### Data section

- Opening Delimiter -

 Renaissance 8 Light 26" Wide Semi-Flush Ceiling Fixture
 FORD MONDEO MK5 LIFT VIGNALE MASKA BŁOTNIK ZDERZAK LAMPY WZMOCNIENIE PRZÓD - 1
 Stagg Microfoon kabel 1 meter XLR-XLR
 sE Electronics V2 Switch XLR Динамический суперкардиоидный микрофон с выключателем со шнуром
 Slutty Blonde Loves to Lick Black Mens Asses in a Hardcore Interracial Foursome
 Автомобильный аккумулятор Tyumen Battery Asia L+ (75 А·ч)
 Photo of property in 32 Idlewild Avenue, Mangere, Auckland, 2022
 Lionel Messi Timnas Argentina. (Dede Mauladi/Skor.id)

- Closing Delimiter -
- Opening Delimiter -

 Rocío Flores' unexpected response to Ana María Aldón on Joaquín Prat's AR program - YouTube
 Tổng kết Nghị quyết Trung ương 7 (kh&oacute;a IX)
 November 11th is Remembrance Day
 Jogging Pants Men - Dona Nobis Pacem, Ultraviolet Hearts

- Closing Delimiter -

In the listing above, find the line with "Автомобильный аккумулятор Tyumen" and the line with "Lionel Messi Timnas", then reproduce both and every line between them exactly.

### Exercise solution
 Автомобильный аккумулятор Tyumen Battery Asia L+ (75 А·ч)
 Photo of property in 32 Idlewild Avenue, Mangere, Auckland, 2022
 Lionel Messi Timnas Argentina. (Dede Mauladi/Skor.id)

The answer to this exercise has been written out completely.